“Maybe the phone does have my money,” sighed Mula, standing in the hollow of a pond she had helped dig. It was a windy winter morning, and after many months of not receiving her wages, she finally had a clue about them. Or so she thought.
In January 2018, Vikash Singh, the Additional Programme Officer (MGNREGA) of Sitapur had, after repeated protest demonstrations at his office, announced that MGNREGA wages were going to 9,877 accounts opened with Airtel Payments Bank since January 2017. These new accounts, in Singh’s words “were opened without informed and express consent” during the purchase of a new SIM card.
The uninformed consent, obtained by just ticking a box on the online customer acquisition form while doing the ‘Aadhaar-based SIM verification’, resulted in a diversion of benefit transfers to these new accounts. This rode on a seemingly harmless guideline of the Unique Identification Authority of India: that the bank account seeded last with the Aadhaar number automatically becomes the one to receive any money disbursed as a direct-benefit transfer.
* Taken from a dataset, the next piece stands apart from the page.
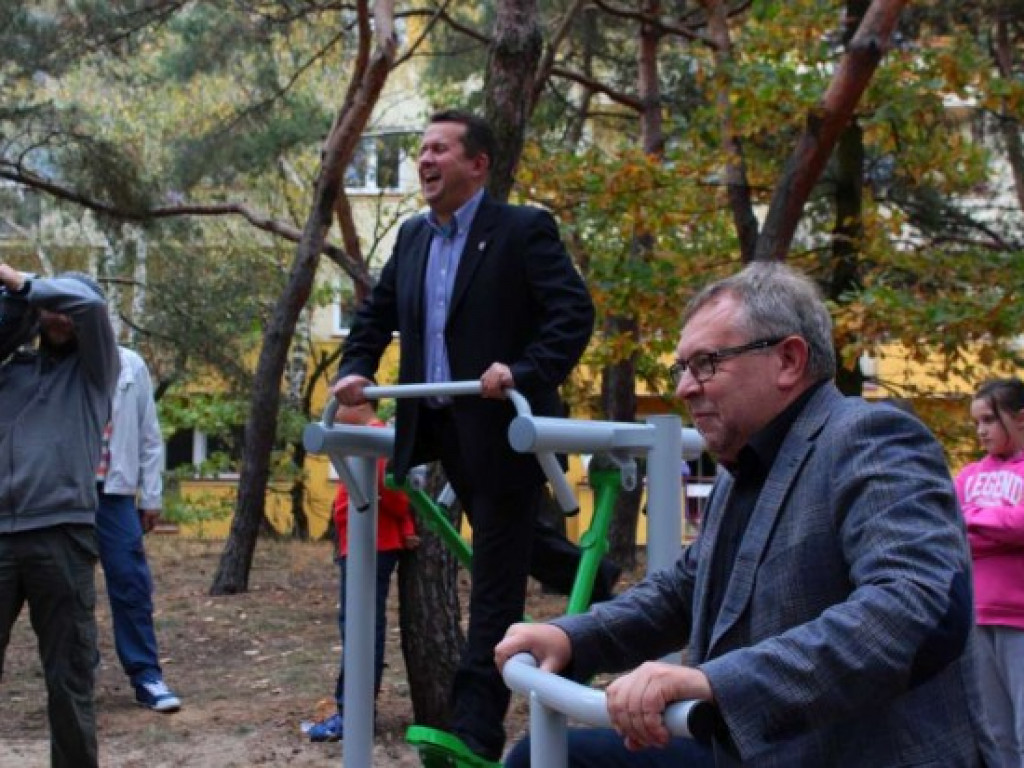 Legionowo: Jak prezydent z radnym siłownię otwierali (film)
Mula, a 45-year-old, unlettered member of the Pasi Dalit community, felt a dull hope at Singh’s announcement. She too had bought a phone with an Airtel SIM card in 2016. One morning, prompted by neighbours mentioning great deals on Airtel SIM cards (a Rs. 40 card with 35 minutes talk time), Mula and her son Nagraj had walked from their village, Dadeora in Sitapur district of Uttar Pradesh to the main market in Parsada in Machhrehta block, four kilometres away. At the shop which sold them a mobile phone (and has since shut down) Mula was asked for a copy of her Aadhaar card, since her son did not have one. She produced hers.